Lawlessness
For a country founded on values, America has moved into lawlessness in both the small things and the big.
Recently I stopped for a red light at the corner of 31st and West End in Nashville on my morning commute. Yes, I STOPPED for a red light that was red before I entered the intersection. However, there were two left turn lanes and four SUVs to my right entered the intersection on red and sped up to get through the light as oncoming traffic almost trapped them in the intersection. Later that morning I heard of an accident at the same location between a pickup truck and an ambulance.
Yesterday morning an SUV went flying by me on my way to church, doing around 60 mph in a 45 mph zone. What could be so urgent on a Sunday morning? I was even more surprised to see them turn into a church parking lot (not mine).

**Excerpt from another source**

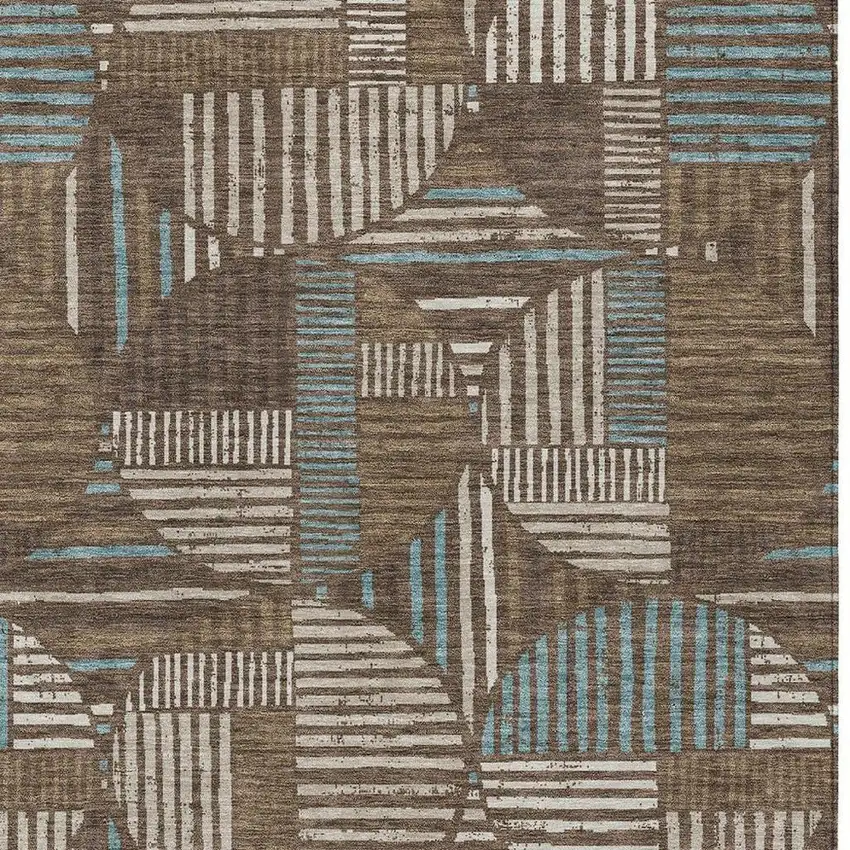 Coffee And Graphite Geometric Washable Indoor Outdoor Area Rug Photo 3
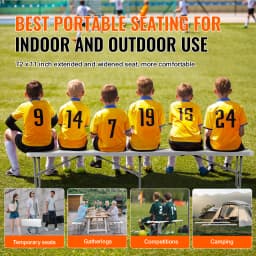 SucceBuy Plastic Folding Bench 6 FT Portable Folding Bench with Carrying Handle for Garden Soccer Entertaining Activity White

“But it’s just ‘speeding” (I can hear the refrain). According to the National Coalition for Safer Roads (NCSR) nationwide, more than 3.7 million drivers ran a red light in 2014. In 2013, 697 people were killed and an estimated 127,000 were injured in car accidents involving red light running.

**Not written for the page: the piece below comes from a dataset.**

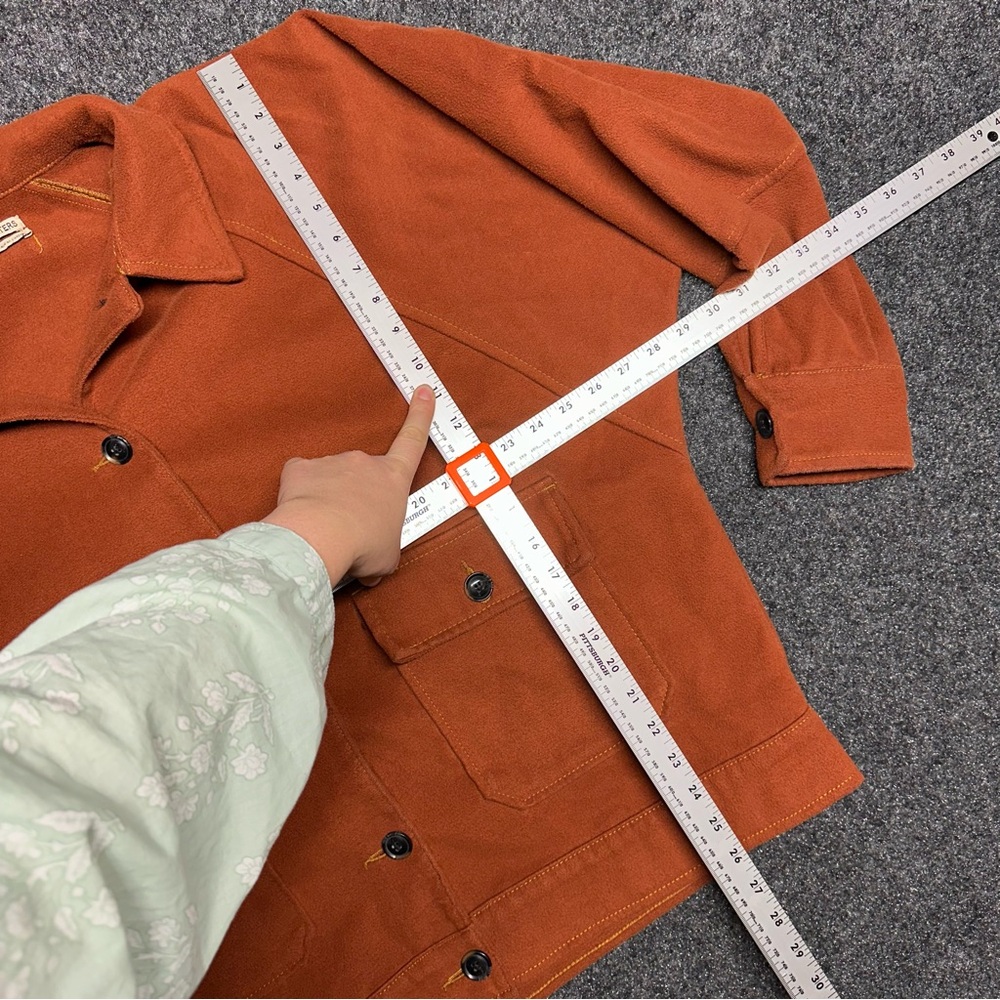 Oversized Fleece Chore Jacket Barn Granola Outdoors Adventure Rust Button Up - Picture 5 of 8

In Luke 16:10, we read, “"Whoever can be trusted with very little can also be trusted with much, and whoever is dishonest with very little will also be dishonest with much.”
If you can’t be trusted to drive the posted speed limit and obey traffic signals, you can’t be trusted with anything else either.
It feels like the wild, wild west in our driving habits and in our personal lives. If we disagree with someone we show up in riot gear and weapons to “show them who is boss.”
There is no more discussion in society; everything is a confrontation planned well in advance to maximum the bloodshed and make the news.
We hear a different story in the Bible. Jesus said that He came to fulfill the law, not to abolish it. (Matthew 5:17).
It is time for Christians to start living up to Jesus’ expectations.
Stop the bloodshed. Stop the lawlessness. Stop the revenge. Laws are there for a purpose, and the North already won the war over 150 years ago.